Example from training set:
{'tokens': ['Selegiline', '-', 'induced', 'postural', 'hypotension', 'in', 'Parkinson', "'", 's', 'disease', ':', 'a', 'longitudinal', 'study', 'on', 'the', 'effects', 'of', 'drug', 'withdrawal', '.'], 'ner_tags': ['B-Chemical', 'O', 'O', 'B-Disease', 'I-Disease', 'O', 'B-Disease', 'I-Disease', 'I-Disease', 'I-Disease', 'O', 'O', 'O', 'O', 'O', 'O', 'O', 'O', 'O', 'O', 'O']}


In [3]:
# STEP 3: DEFINE MODEL, TOKENIZER & LABEL MAPPINGS
# -----------------------------------------------------------------
model_checkpoint = "dmis-lab/biobert-base-cased-v1.1"

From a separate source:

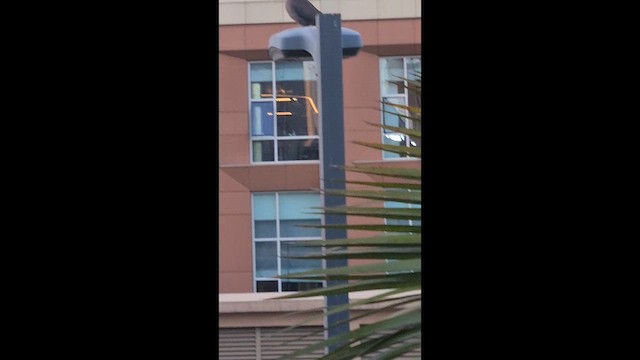 hrdlička červenooká - ML646361845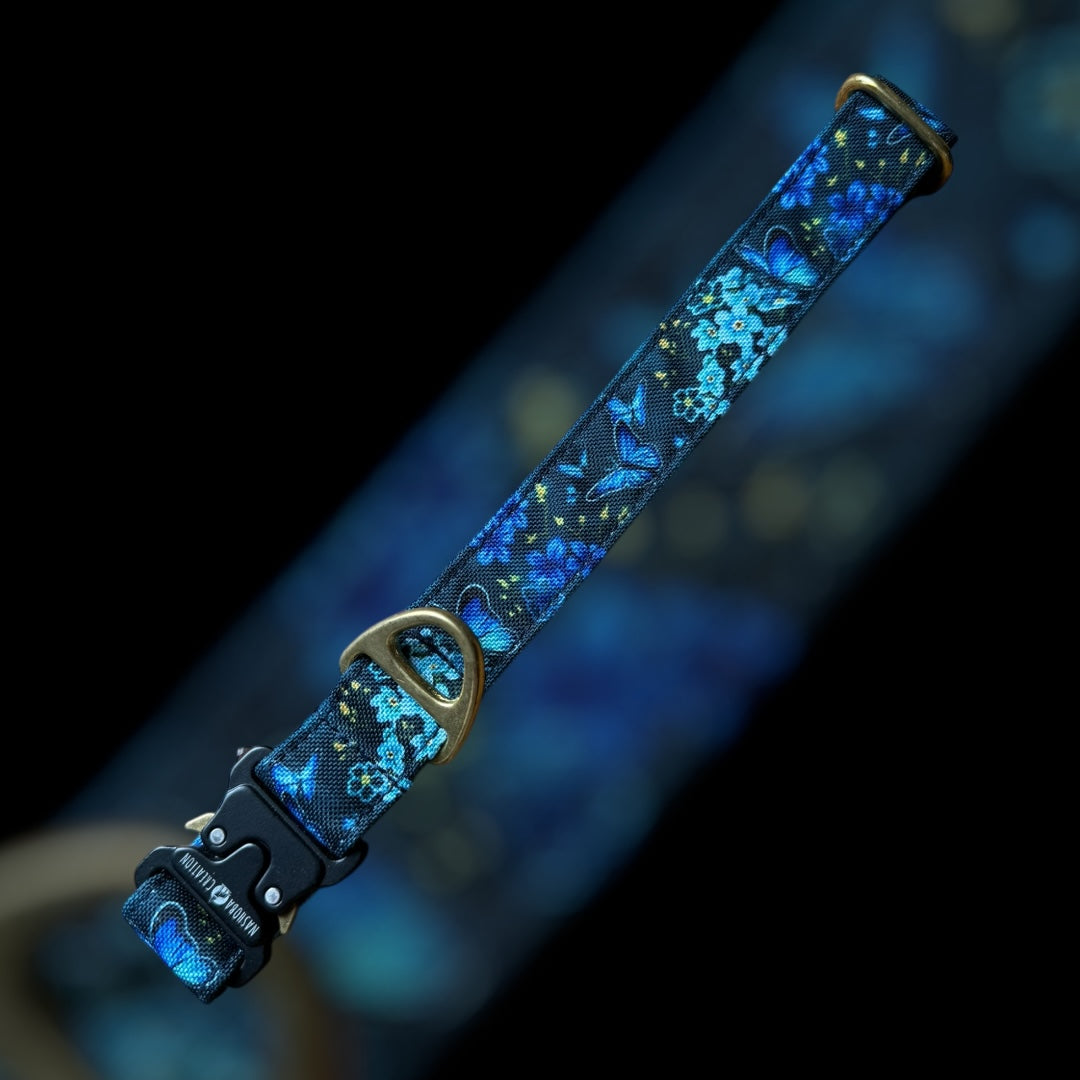 Collier Taille L - Clip sécu 25mm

# We get the label list from our .tsv files
label_list = ['O', 'B-Chemical', 'I-Chemical', 'B-Disease', 'I-Disease']
num_labels = len(label_list)

# Create the label <-> ID mappings
label_to_id = {label: i for i, label in enumerate(label_list)}
id_to_label = {i: label for i, label in enumerate(label_list)}

# Load the BioBERT tokenizer
tokenizer = AutoTokenizer.from_pretrained(model_checkpoint)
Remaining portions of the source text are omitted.